Turkish SALT, London’s Tate Modern collaborate

Turkish SALT, London’s Tate Modern collaborate

ISTANBUL- Hürriyet Daily News

The exhibiton ‘I decided not to save the world,’ featuring works by four artists, will be on display at the Tate Modern Level 2 until Jan. 8, 2012, and will come to SALT Beyoğlu in March next year

Turkish Istanbul’s cultural institution SALT Beyoğlu and London’s Tate Modern are collaborating on a new series of exhibitions for a program initiated by Tate Modern. The first part of the exhibition opened Nov. 4 at Tate Modern, and the second part will open at SALT next year in March
London’s Tate Modern Museum, which organizes a program supporting exhibition and curatorial sharing with institutions from the Middle East, Asia-Pacific countries, South Africa and Eastern Europe, has initiated a new series of exhibitions as part of its program. The museum is collaborating with SALT, a non-profit cultural institution in Istanbul, for the third exhibition of the series organized this month.

The exhibition “I decided not to save the world,” curated by Duygu Demir from the SALT Research and Programs team and Tate Modern Assistant Curator Kyla McDonald, opened on Nov. 4 at the Tate Modern Level 2.

Curious acts and apparently small gestures unite the works in the exhibition, featuring the work of four artists, exploring how they address social concerns through a light-hearted and playful approach.

Artists Mounira Al Solh, Yto Barrada, Mircea Cantor and the collective Slavs and Tatars devise playful interventions into their everyday environment, combining social commentary and investigation with humor or irony to throw off our habits of thinking. Emerging from the specific contexts in which they are working, the light-hearted approach of these works belies the artists’ acute socio-political insights.

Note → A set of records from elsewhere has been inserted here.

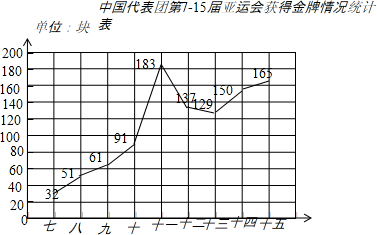 金牌条形统计图图片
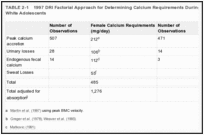 TABLE 2-1. 1997 DRI Factorial Approach for Determining Calcium Requirements During Peak Calcium Accretion in White Adolescents.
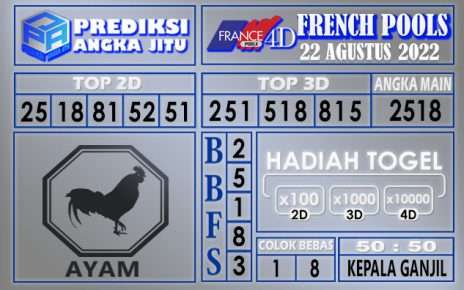 Prediksi togel french hari ini 21 agustus 2022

Title from a child speaking

The title of the exhibition is taken from Cantor’s 2011 video of the same name in which a single take of a child saying “I decided not to save the world” is shown on a continuous loop. The work is emblematic of the complexity that underlies the simplest of statements and is typical of the way Cantor responds to contemporary concerns using simple and direct gestures.

Yto Barrada, who displays a sculpture called “Palm Sign 2010,” is known for the playful nature of her work, rooted in the specific context of Tangier, Morocco, where she lives and works. Her sculpture, manifesto and film included in this exhibition use humor and satire to address the country’s rapid modernization.

“Rawane’s Song 2006,” an autobiographical video by Al Solh, is a witty take on her struggle to make work about the Lebanese wars in the wake of the previous generation of Beirut artists. Ironically it ends up addressing exactly the issues she claims to be avoiding.

Slavs and Tatars’ practice examines a region they describe as “east of the former Berlin Wall and west of the Great Wall of China.” Their text-based works are taken from a variety of sources and play with double-meanings, mistranslation, language barriers and notions of the dichotomy between East and West.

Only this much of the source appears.